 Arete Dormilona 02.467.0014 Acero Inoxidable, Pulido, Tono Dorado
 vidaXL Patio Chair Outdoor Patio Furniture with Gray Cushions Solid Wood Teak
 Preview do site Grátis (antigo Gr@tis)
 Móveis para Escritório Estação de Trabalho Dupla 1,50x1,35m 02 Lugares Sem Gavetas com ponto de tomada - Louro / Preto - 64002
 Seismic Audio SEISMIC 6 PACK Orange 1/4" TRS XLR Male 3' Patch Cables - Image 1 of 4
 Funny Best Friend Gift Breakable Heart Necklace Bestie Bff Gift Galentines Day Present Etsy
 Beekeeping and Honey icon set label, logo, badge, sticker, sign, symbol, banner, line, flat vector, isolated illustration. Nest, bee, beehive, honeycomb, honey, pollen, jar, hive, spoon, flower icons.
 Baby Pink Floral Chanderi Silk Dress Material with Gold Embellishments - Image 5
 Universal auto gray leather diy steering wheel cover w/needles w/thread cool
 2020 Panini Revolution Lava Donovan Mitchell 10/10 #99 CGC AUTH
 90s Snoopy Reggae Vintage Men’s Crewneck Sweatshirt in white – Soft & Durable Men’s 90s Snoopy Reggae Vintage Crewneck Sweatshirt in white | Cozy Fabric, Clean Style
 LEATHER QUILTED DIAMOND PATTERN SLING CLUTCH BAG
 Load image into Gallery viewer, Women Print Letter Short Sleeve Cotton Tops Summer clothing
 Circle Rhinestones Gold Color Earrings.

++++++++++

Print each entry above word for word, leaving none out.

Answer section:
 Arete Dormilona 02.467.0014 Acero Inoxidable, Pulido, Tono Dorado
 vidaXL Patio Chair Outdoor Patio Furniture with Gray Cushions Solid Wood Teak
 Preview do site Grátis (antigo Gr@tis)
 Móveis para Escritório Estação de Trabalho Dupla 1,50x1,35m 02 Lugares Sem Gavetas com ponto de tomada - Louro / Preto - 64002
 Seismic Audio SEISMIC 6 PACK Orange 1/4" TRS XLR Male 3' Patch Cables - Image 1 of 4
 Funny Best Friend Gift Breakable Heart Necklace Bestie Bff Gift Galentines Day Present Etsy
 Beekeeping and Honey icon set label, logo, badge, sticker, sign, symbol, banner, line, flat vector, isolated illustration. Nest, bee, beehive, honeycomb, honey, pollen, jar, hive, spoon, flower icons.
 Baby Pink Floral Chanderi Silk Dress Material with Gold Embellishments - Image 5
 Universal auto gray leather diy steering wheel cover w/needles w/thread cool
 2020 Panini Revolution Lava Donovan Mitchell 10/10 #99 CGC AUTH
 90s Snoopy Reggae Vintage Men’s Crewneck Sweatshirt in white – Soft & Durable Men’s 90s Snoopy Reggae Vintage Crewneck Sweatshirt in white | Cozy Fabric, Clean Style
 LEATHER QUILTED DIAMOND PATTERN SLING CLUTCH BAG
 Load image into Gallery viewer, Women Print Letter Short Sleeve Cotton Tops Summer clothing
 Circle Rhinestones Gold Color Earrings.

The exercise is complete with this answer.